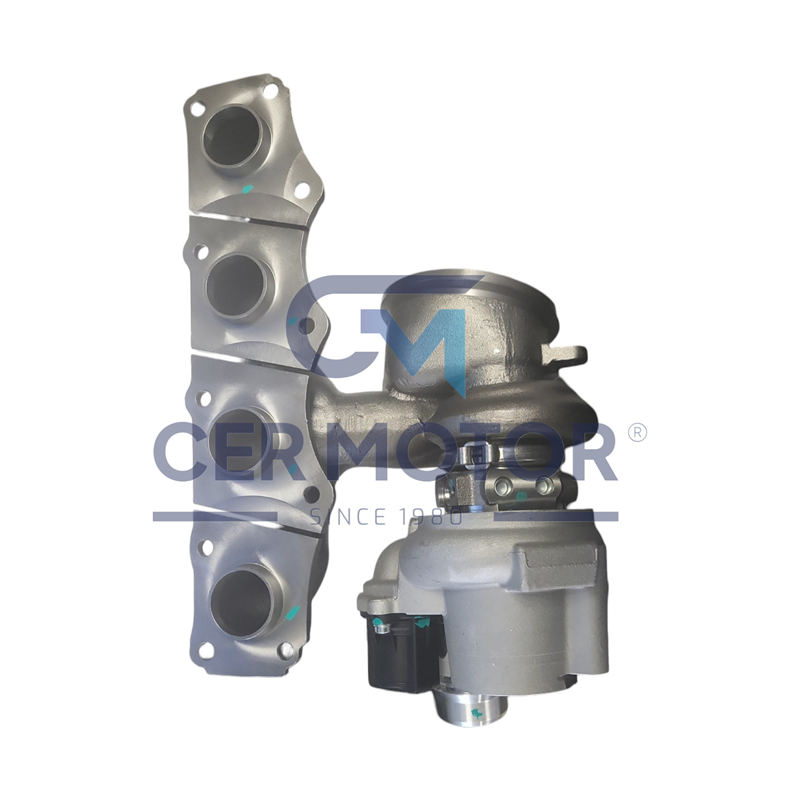 TURBOSPRĘŻARKA JRONE 8M04-40M-D88 BMW 2.0 11-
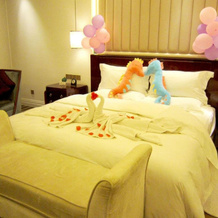 Dezhou Fengguan Holiday Hotel, Дежоу — фото 4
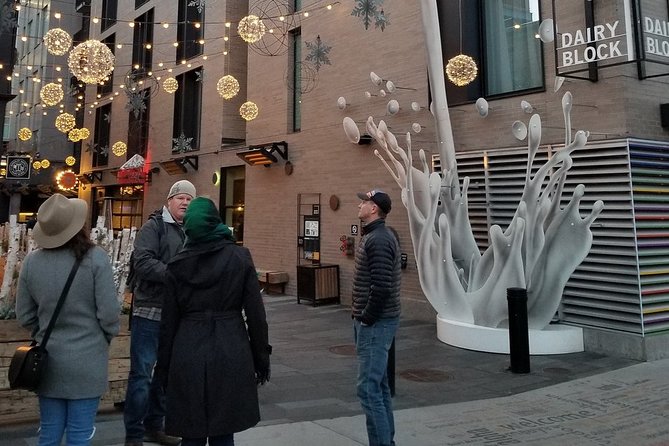 3 Hour Whiskey and History Tour - Key things to know before you go
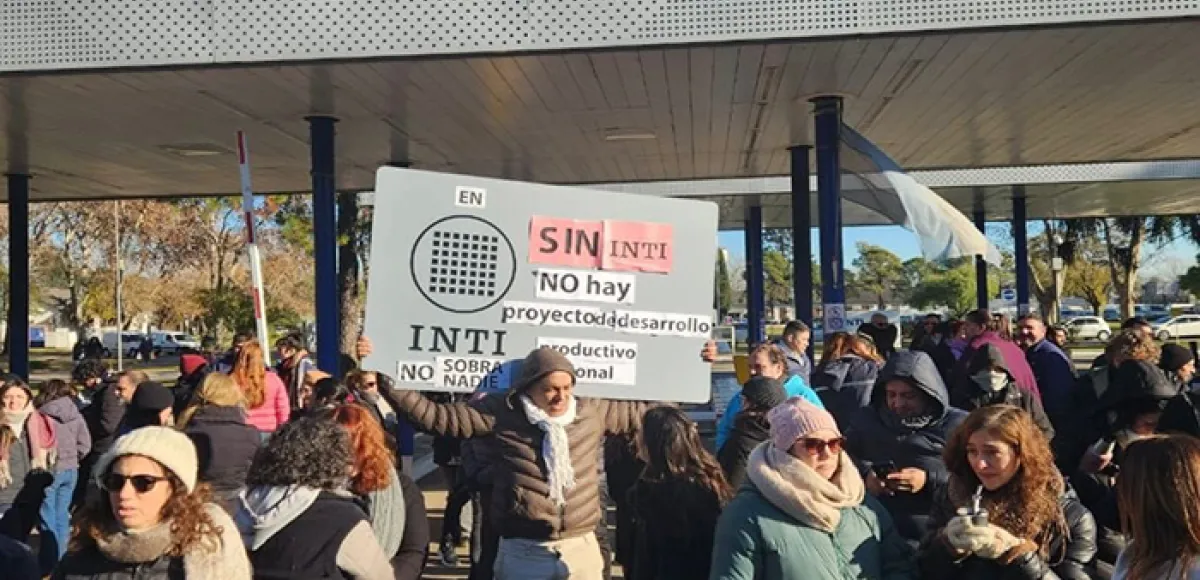 Advertencia de Apyme contra el desguace en el INTI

Assignment. Every line of the listing must be reproduced exactly, though the pictures are to be left out.

The answer.
 TURBOSPRĘŻARKA JRONE 8M04-40M-D88 BMW 2.0 11-
 Dezhou Fengguan Holiday Hotel, Дежоу — фото 4
 3 Hour Whiskey and History Tour - Key things to know before you go
 Advertencia de Apyme contra el desguace en el INTI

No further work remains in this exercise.